Every developer I know of has used or uses databases on a daily basis, be it SQL Server or  Oracle but quite a few of them are stumped when asked how this SQL will execute and what would its output be.

insert into Employee select * from Employee; Select * from Employee;

Additionally what happens if multiple people execute this statement concurrently. Will the select lock the insert ? Will the insert lock the select ? How does the system maintain data integrity in this case ? The answers have ranged from, this is not a valid SQL statement to this will be an indefinite loop.

Some have also got it accurately but without an understanding of what happens in the background to be able to provide a consistent and accurate response to the above query. The situation is further complicated by the fact that the implementation which solves the above conundrum is referred to differently in the various database and transactional systems.

A simple way of solving the above problem is by using locks or latching. Using locks ensures data integrity but it also serializes all reads and writes. This approach is definitely not scalable since the lock will only allow a single transaction either read or write to happen. Locking has further evolved with ready only locks and other variations but is still inherently a concurrency nightmare. A better approach to effectively ensure data integrity and also ensure scalability is by using   Multiversion concurrency control pattern.
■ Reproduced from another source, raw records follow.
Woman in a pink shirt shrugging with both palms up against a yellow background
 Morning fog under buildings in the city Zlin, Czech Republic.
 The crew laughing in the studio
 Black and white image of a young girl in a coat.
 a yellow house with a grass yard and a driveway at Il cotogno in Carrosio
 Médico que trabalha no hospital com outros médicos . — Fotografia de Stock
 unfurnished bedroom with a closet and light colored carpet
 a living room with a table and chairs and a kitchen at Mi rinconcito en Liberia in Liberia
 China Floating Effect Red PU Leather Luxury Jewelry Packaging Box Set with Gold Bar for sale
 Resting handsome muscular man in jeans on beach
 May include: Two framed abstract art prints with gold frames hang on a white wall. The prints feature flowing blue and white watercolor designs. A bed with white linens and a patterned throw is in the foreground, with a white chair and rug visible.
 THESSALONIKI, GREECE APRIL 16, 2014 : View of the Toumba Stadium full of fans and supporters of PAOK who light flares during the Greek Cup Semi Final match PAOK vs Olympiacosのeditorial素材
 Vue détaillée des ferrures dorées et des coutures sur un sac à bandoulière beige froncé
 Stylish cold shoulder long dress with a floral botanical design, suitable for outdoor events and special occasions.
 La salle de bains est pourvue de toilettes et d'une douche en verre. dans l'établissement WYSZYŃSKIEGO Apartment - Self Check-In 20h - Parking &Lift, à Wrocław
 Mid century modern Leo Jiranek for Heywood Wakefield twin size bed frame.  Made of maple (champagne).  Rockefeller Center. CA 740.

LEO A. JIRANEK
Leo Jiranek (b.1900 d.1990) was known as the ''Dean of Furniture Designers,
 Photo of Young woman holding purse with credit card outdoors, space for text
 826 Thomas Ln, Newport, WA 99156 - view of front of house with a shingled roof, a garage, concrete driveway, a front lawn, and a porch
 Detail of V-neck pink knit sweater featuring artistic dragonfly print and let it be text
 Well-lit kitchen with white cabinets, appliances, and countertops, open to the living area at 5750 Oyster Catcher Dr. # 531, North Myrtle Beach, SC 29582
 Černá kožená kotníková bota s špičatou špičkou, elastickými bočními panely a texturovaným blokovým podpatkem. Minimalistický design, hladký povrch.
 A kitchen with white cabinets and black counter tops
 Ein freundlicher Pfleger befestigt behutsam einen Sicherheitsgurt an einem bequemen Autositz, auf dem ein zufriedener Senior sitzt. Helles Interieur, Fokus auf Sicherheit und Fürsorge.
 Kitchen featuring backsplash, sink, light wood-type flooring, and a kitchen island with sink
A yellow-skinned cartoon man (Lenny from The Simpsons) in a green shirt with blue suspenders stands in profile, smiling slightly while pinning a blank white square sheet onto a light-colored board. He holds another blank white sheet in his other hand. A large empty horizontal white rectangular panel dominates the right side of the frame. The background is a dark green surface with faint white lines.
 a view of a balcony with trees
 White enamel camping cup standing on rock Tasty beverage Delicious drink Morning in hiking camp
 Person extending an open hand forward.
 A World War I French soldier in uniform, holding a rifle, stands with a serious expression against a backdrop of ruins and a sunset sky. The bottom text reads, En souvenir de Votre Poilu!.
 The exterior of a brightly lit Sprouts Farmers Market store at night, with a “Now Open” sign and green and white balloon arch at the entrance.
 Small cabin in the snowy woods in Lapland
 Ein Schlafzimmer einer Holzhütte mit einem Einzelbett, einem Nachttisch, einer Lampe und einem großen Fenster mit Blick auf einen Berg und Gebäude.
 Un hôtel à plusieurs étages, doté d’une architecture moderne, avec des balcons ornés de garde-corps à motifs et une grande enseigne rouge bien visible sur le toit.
Multiversion Concurrency involves tagging an object with read and write timestamps. This way an access history is maintained for a data object. This timestamp information is maintained via change set numbers which are generally stored together with modified data in rollback segments. This enables multiple “point in time” consistent views based on the change set numbers stored.MVCC enables read-consistent queries and non-blocking reads by providing this “point in time” consistent views without the need to lock the whole table. In Oracle this change set number are called System change numbers commonly referred to as SCN’s.This is one of the most important scalability features for a database since this provides for maximum concurrency while maintaining read consistency.